= Beginning of Section =

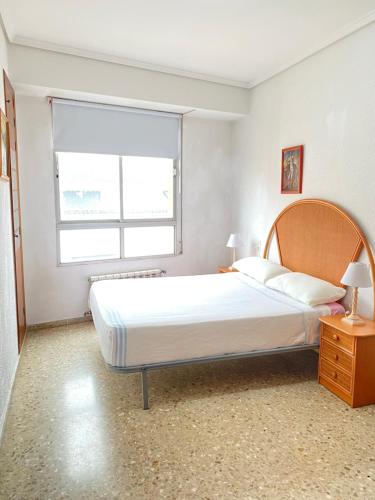 a bedroom with a large bed and a window at Casa del port in Grao de Castellón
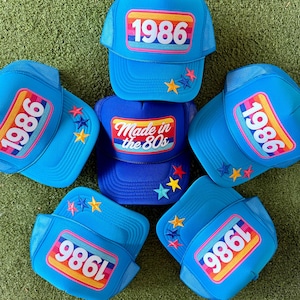 May include: A collection of blue trucker hats with the year "1986" displayed on the front in a retro design. Some hats feature star accents. One hat reads "Made in the 80s". The hats are arranged on a green surface.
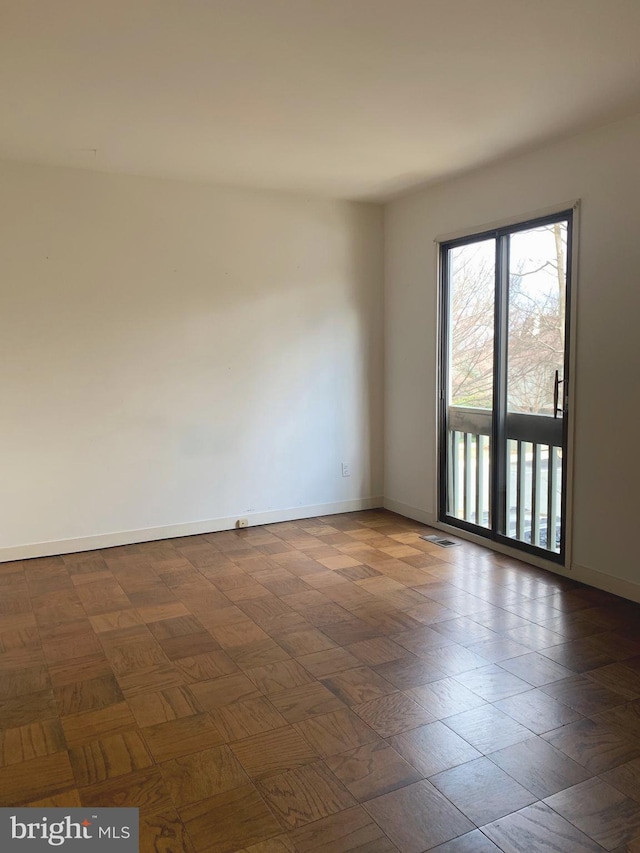 unfurnished room featuring visible vents and baseboards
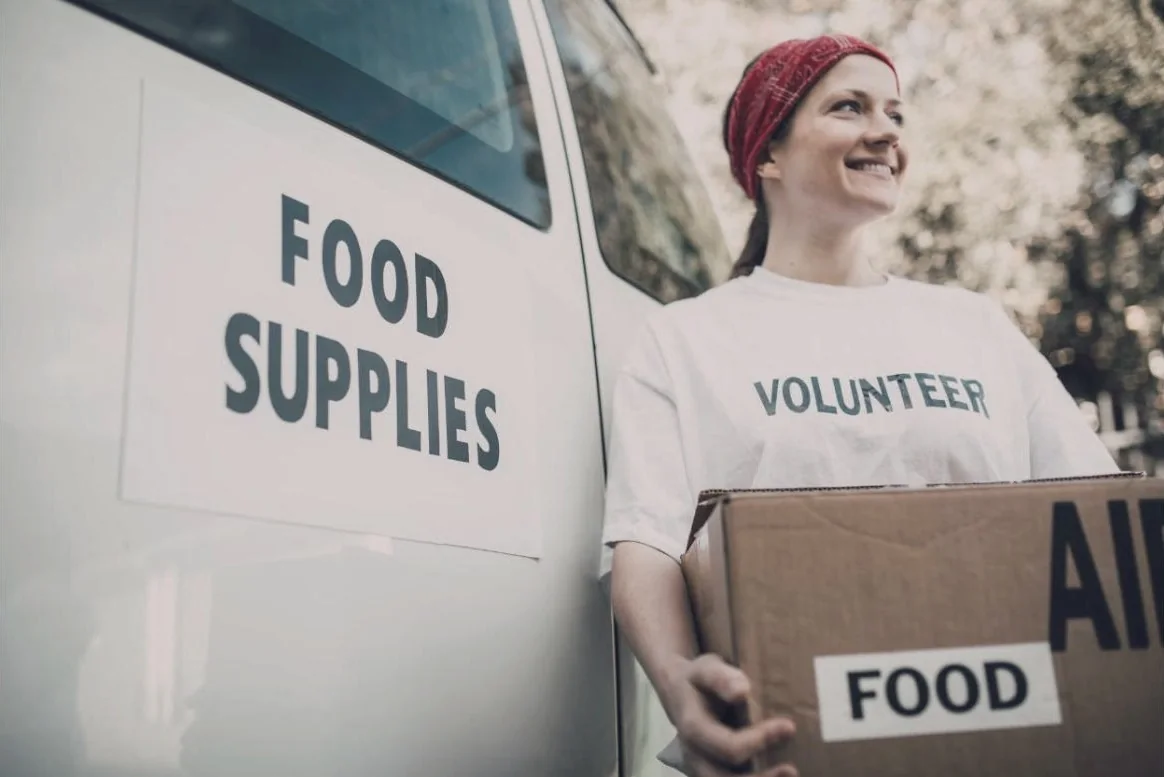 A smiling volunteer carrying a box of food beside a food supplies van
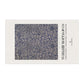 Decorative mat with floral pattern and 'William Morris & Co' branding on a white background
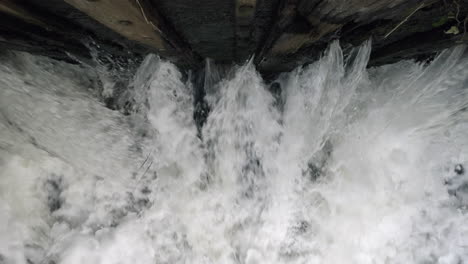 the raging waters of the river alne in warwickshire, england as it passes through sluice gates that control the amount of flood water after torrential rainfall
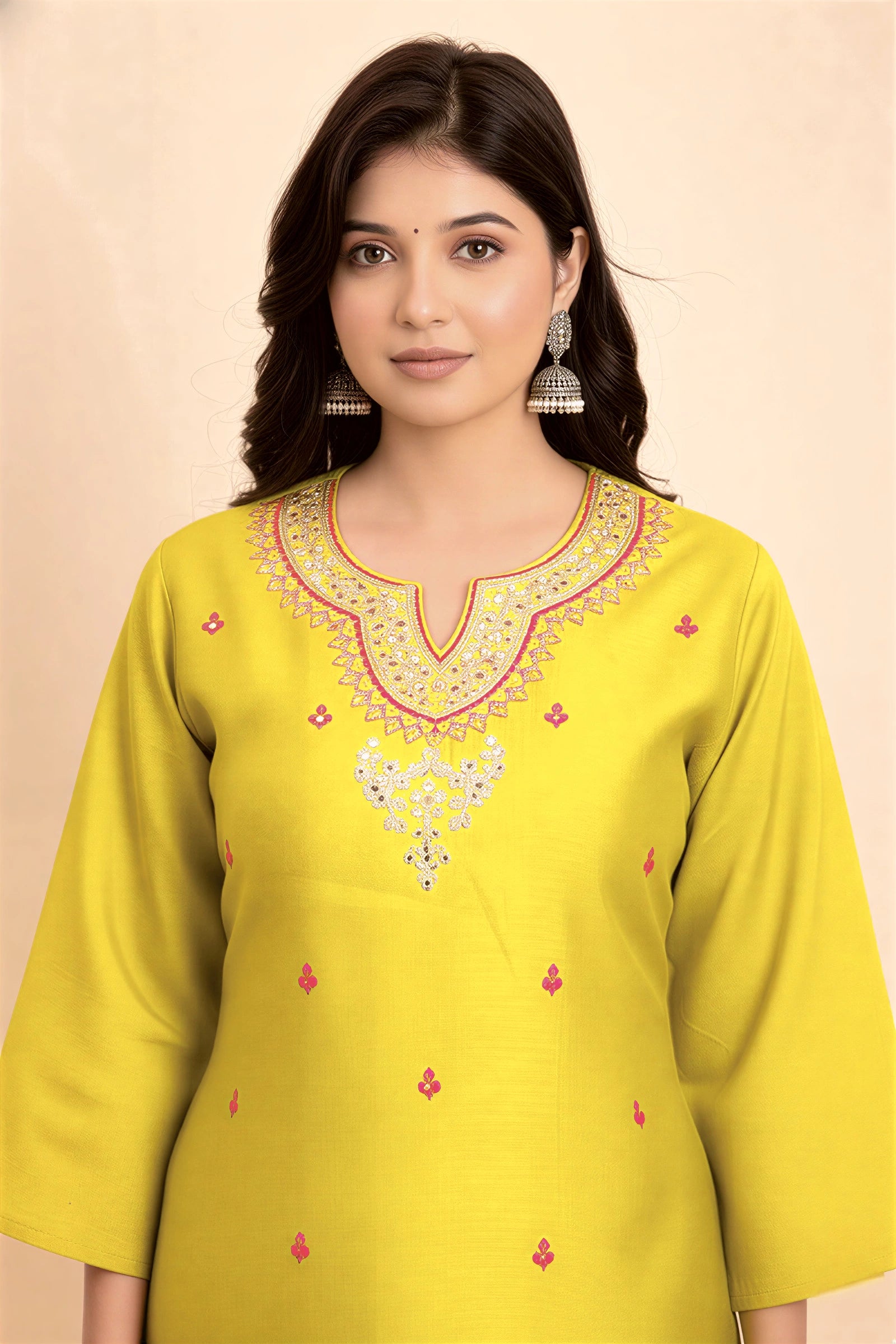 Woman wearing a yellow embroidered kurta against a beige background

= End of Section =

> [Exercise objective] Quote the records above in full, dropping each picture.

> [The completed task]
 a bedroom with a large bed and a window at Casa del port in Grao de Castellón
 May include: A collection of blue trucker hats with the year "1986" displayed on the front in a retro design. Some hats feature star accents. One hat reads "Made in the 80s". The hats are arranged on a green surface.
 unfurnished room featuring visible vents and baseboards
 A smiling volunteer carrying a box of food beside a food supplies van
 Decorative mat with floral pattern and 'William Morris & Co' branding on a white background
 the raging waters of the river alne in warwickshire, england as it passes through sluice gates that control the amount of flood water after torrential rainfall
 Woman wearing a yellow embroidered kurta against a beige background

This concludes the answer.